Wednesday, October 04, 2006

in the news

Food may be like a drug for some, study shows

The volunteers were all genuinely hungry -- they had been fasting for 16 or 17 hours when the PET scans were run. The stimulator succeeded in making them feel less hungry, Wang said.

But the surprise was in which brain circuits it used in doing so.

"It was very similar to a study on when cocaine abusers, when they think of cocaine, they have a craving for cocaine," he said.

that's right, food is like a drug.  food versus cocaine--go!

unless you're dj am, cocaine will make you thin; overeating will make you fat.  edge:  cocaine.

cocaine increases your risk for heart attack 24-fold within the first hour of use and one of the effects of long-term use is impotence, but your heart attack risk goes up four-fold after a large meal, and the obese are at greater risk for heart disease and diabetes--one of the side effects of which is impotence.  the journey takes longer if you're using food, but the destination is the same.  this one's kind of a draw.

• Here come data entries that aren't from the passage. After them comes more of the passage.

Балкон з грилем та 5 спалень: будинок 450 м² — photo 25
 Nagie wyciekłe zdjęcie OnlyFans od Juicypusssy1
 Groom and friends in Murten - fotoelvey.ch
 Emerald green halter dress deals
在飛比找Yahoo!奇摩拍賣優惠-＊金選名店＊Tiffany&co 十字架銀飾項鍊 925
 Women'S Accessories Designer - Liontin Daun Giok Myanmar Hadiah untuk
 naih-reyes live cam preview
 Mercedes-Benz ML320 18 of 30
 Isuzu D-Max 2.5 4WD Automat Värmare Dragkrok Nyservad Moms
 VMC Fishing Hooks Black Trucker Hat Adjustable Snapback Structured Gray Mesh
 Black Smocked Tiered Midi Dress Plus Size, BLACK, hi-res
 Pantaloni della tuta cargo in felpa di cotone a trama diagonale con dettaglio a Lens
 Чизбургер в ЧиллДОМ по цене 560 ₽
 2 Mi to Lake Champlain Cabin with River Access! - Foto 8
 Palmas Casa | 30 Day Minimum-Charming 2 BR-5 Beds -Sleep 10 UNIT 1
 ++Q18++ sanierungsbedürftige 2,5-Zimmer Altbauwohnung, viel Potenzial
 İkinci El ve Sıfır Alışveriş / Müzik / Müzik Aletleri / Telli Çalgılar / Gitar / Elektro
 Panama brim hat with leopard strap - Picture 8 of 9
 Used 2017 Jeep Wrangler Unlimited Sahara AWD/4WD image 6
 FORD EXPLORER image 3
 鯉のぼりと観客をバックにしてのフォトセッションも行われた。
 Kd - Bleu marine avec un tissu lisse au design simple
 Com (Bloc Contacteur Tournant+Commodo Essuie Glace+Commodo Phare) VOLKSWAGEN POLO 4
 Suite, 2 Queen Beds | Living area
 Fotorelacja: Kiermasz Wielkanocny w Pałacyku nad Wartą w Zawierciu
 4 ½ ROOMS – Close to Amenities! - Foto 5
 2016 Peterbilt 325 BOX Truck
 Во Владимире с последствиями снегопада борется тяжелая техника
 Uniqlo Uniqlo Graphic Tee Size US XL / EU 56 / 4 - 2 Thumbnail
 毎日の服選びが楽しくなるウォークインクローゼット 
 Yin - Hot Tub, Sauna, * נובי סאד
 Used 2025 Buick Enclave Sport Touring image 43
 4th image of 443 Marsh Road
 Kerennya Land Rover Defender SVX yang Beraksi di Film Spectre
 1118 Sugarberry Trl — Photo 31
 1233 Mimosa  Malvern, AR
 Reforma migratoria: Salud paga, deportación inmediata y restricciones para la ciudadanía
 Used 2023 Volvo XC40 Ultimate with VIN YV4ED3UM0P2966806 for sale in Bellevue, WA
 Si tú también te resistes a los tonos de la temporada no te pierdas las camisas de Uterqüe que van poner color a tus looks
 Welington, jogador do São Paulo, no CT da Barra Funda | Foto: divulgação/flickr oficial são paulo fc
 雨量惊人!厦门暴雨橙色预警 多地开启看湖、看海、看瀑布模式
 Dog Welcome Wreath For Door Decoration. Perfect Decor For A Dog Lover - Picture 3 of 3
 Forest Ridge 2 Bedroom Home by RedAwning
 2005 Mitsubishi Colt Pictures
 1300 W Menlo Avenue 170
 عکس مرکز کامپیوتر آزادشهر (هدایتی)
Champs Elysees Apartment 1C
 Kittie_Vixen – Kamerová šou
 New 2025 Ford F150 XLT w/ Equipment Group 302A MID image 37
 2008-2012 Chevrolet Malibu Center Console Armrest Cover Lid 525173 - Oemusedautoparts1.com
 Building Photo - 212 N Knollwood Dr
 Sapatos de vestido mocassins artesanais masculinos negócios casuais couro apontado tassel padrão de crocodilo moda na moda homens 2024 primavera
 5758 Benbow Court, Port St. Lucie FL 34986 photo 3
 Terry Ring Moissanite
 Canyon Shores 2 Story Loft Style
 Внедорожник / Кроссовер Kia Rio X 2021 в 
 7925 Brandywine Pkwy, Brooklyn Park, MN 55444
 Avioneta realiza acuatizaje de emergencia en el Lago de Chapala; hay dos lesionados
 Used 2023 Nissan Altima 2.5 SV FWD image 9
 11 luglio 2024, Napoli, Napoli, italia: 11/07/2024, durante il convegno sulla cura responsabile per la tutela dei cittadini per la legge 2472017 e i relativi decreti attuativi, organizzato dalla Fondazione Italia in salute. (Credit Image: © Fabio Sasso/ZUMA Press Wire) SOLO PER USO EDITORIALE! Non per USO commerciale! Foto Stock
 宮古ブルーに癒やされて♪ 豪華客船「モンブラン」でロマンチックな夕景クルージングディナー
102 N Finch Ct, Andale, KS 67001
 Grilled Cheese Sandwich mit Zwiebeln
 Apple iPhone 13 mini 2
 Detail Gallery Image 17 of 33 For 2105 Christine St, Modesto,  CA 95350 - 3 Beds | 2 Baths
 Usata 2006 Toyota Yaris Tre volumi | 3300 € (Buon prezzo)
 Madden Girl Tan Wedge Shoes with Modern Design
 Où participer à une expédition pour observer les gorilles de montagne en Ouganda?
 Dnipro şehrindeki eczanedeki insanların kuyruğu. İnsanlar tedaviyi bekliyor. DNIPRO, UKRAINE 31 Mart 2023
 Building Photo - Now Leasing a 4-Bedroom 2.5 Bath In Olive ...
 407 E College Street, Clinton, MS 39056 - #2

taking cocaine in through the nose can produce an unpleasant post-nasal drip down the back of the throat, but when i eat too fast my nose runs anyway.  draw.

crack, like food, is cheap and widely available, but you can't go into a hard rock cafe and get an "8-balls of fire."  not yet, anyway.  and if anyone finds out that you can, i want royalties.  edge:  food.

no food-fueled orgies or works of artistic brilliance--sorry, folks, the fat boys don't count.  edge:  cocaine.

artists, rockstars, the rich, and the douchebags who idolize them use cocaine;  food is not only abused by just about everyone, but abusing food has become a national pastime celebrated in popular culture and encouraged by the corporations who stand to profit from our unnecessary super-consumption.  while people in other countries barely have enough food for one meal, taco bell encourages us to have a fourth one.  edge:  food.

while all of us will have to decide for ourselves which gets the title of best addiction, one thing is clear:  we're going to have to change the way we look upon the morbidly obese.  from now on, popular culture needs to celebrate them the same way it celebrates other drug addicts.  if they're famous, anyway.  definitely a defeat for condescension and self-satisfaction.  thank god we've still got the catholics to kick around.

and remember, everyone.  the thrill can kill.